Nawet i poprzedni Wójt Gąska został zaproszony, wielkie uznanie dla obecnej Pani Wójt, nie tak jak w Trojanowie ani Wójta ani Przewodniczącej Rady, nie mówiąc o organizatorach z Mrokowa nie było na to stać
Byłego wójta nie proszono! Przyszedł jak każdy inny mieszkaniec. Ale z zespołów ludowych zrobili pośmiewisko. Nawet im mikrofonu nie dali do śpiewania.
Przecież obecna Pani Wójt z poprzednikiem Panem Wójtem Gąską tyle lat razem przepracowali w urzędzie i nie wyobrażam sobie, żeby nie zapraszać Pana Wiesława na gminne uroczystości. Wręcz przeciwnie, powinien być najważniejszym gościem podczas takich wydarzeń. Co by nie powiedzieć to rozkwit gminy jest zasługą Pana wójta WIESŁAWA GĄSKI. I za to mu dziękujemy nie tylko przy okazji dożynek.

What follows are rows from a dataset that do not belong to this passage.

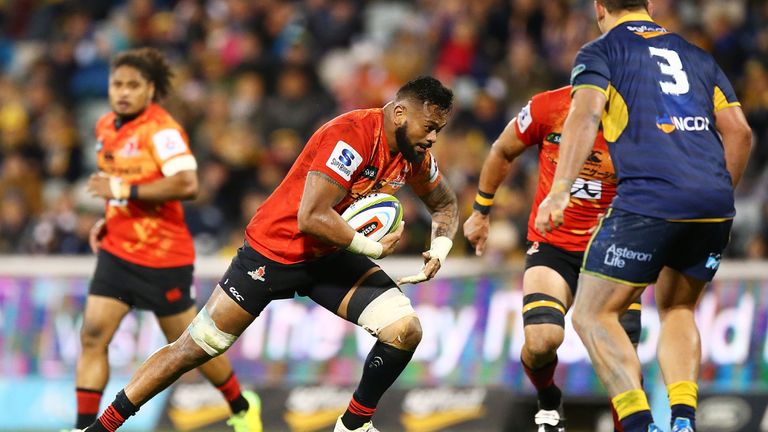 CANBERRA, AUSTRALIA - MAY 28: Fa'Atiga Lemalu of the Sunwolves runs the ball during the round 14 Super Rugby match between the Brumbies and the Sunwolves a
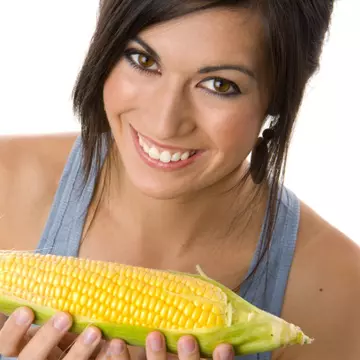 Dieta cu porumb fiert: Slăbeşte româneşte, 5 kilograme în 10 zile
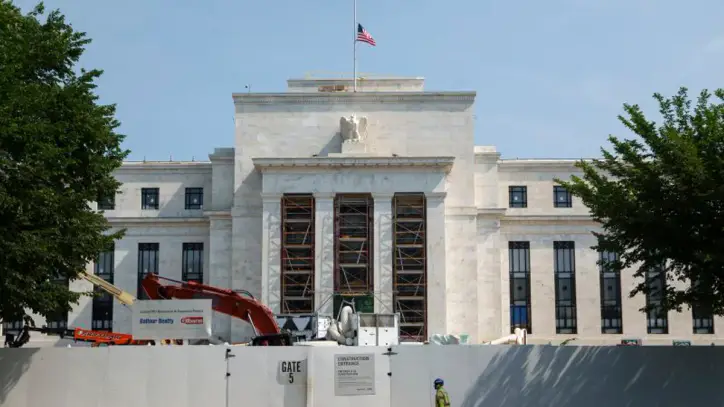 Global bonds sell off as Middle East conflict escalates, further stoking inflation fears | CNN Business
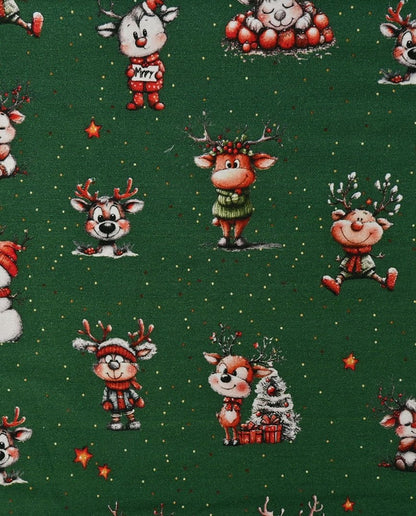 Image de maille en coton avec des cerfs attendant Noël – disponible en ligne chez Šarlotes audumi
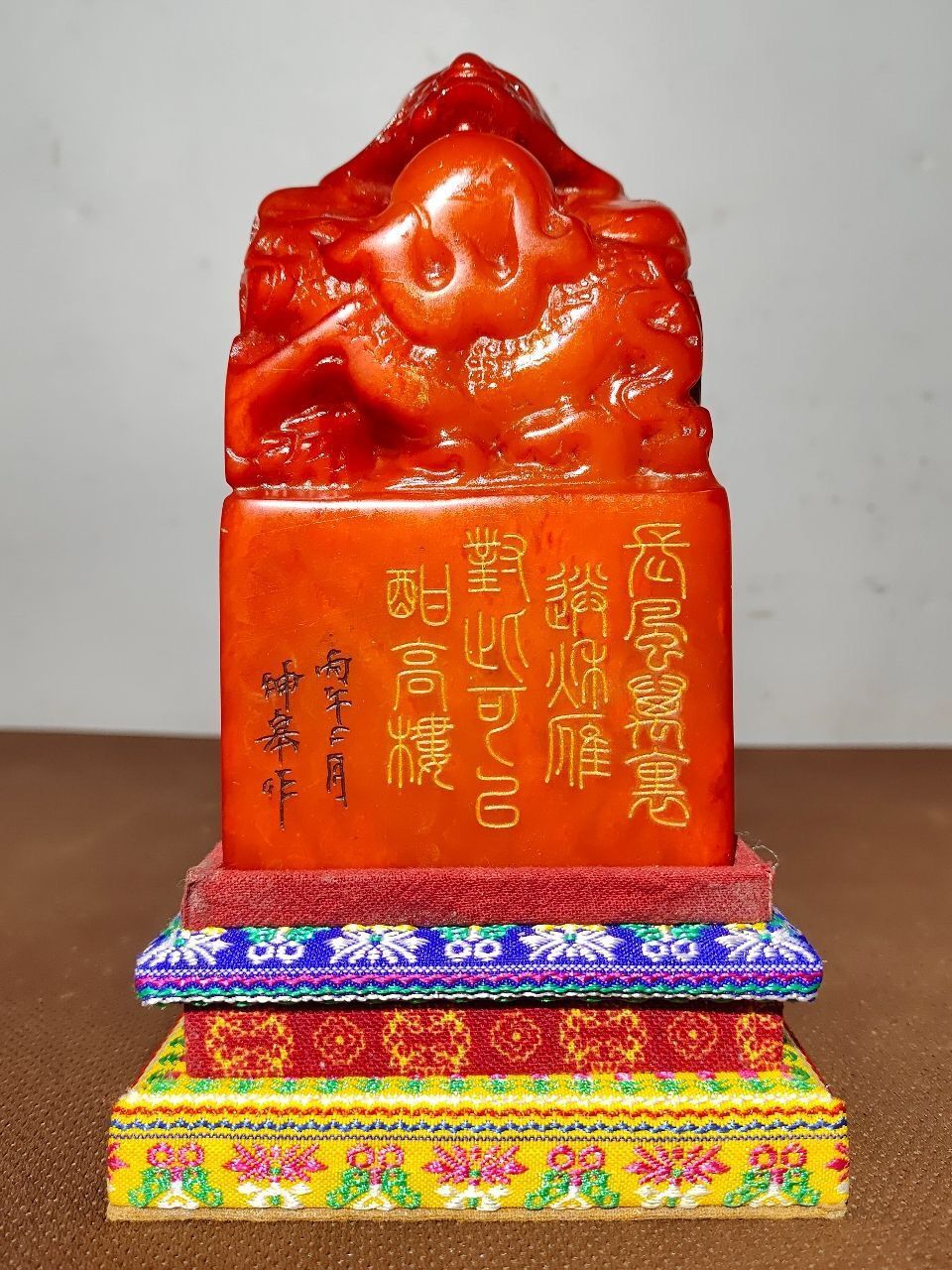 中国古美術・旧蔵寿山石瑞獣献宝の印鑑・手彫り・田黄石・風水・書道具・文房具・置物 中国古美術・旧蔵寿山石瑞獣献宝の印鑑・手彫り・田黄石・風水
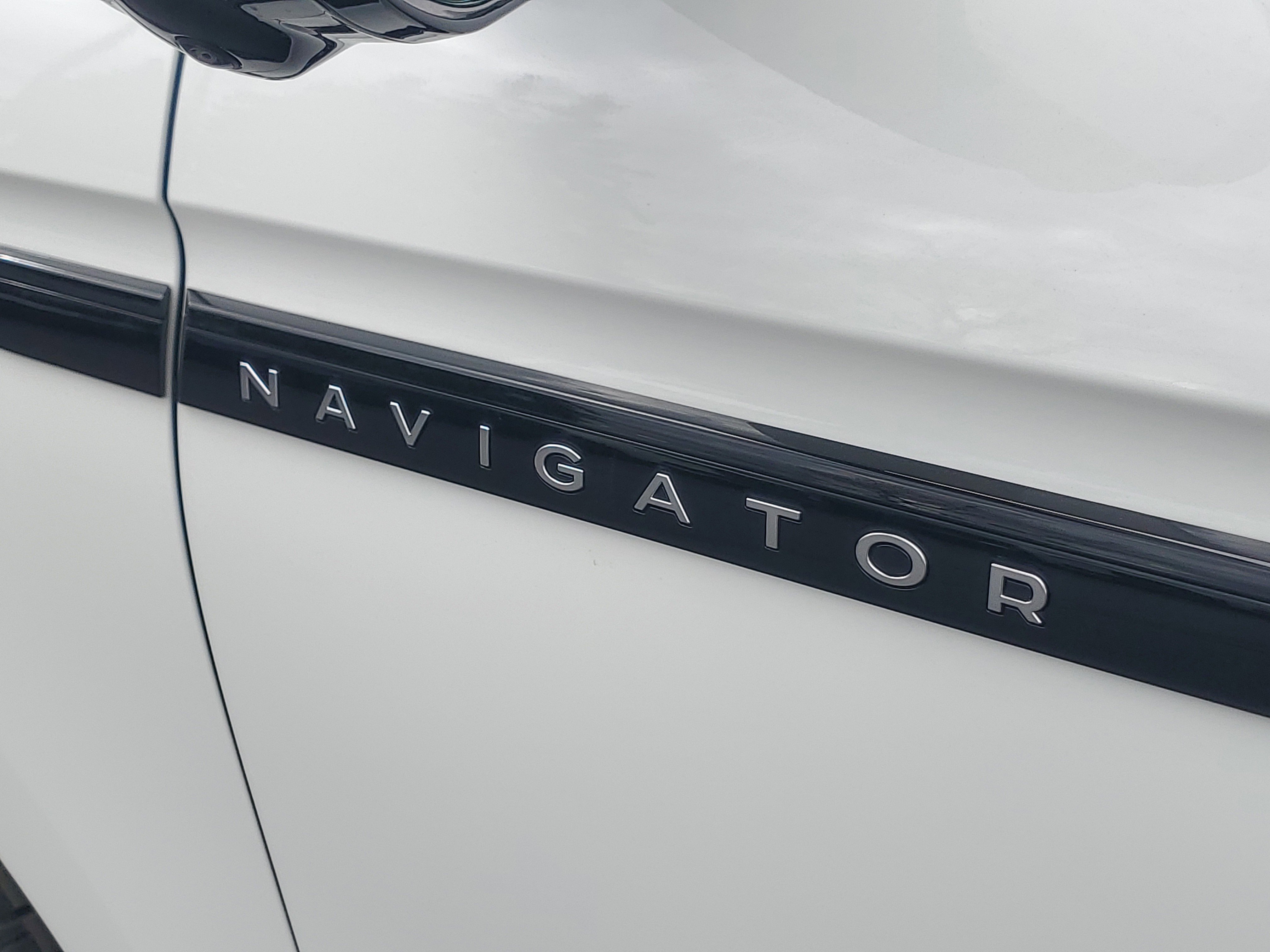 New 2025 Lincoln Navigator L Black Label image 7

Byłam na dożynkach i rozmawiałam z poprzednim Panem Wójtem i absolutnie zaprzeczam że został zaproszony na dożynki. Ale żeby uczestniczyć w dożynkach to wcale nie trzeba mieć indywidualnego zaproszenia. A dożynki, no cóż wiało nudą.

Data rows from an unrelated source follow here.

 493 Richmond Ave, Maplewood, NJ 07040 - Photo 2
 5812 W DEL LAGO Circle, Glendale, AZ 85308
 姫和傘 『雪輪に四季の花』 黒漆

Skromna bo taka miała być ,przepyszna wieprzowina , bardzo dobra dziczyzna ,bardzo smaczne smakołyki na wszystkich stołach Kół Gospodyń Wiejskich "naleweczki" .Rodzinna dożynkowa atmosfera wystąpienia Gości bez wątków politycznych krotkie i na temat Nareszcie ktoś zauważył Rolników na dożynkach. Dobry początek Pani Wójt.
Dokładnie tak. To święto rolników, a nie dzień samorządowca! Dla każdego coś było!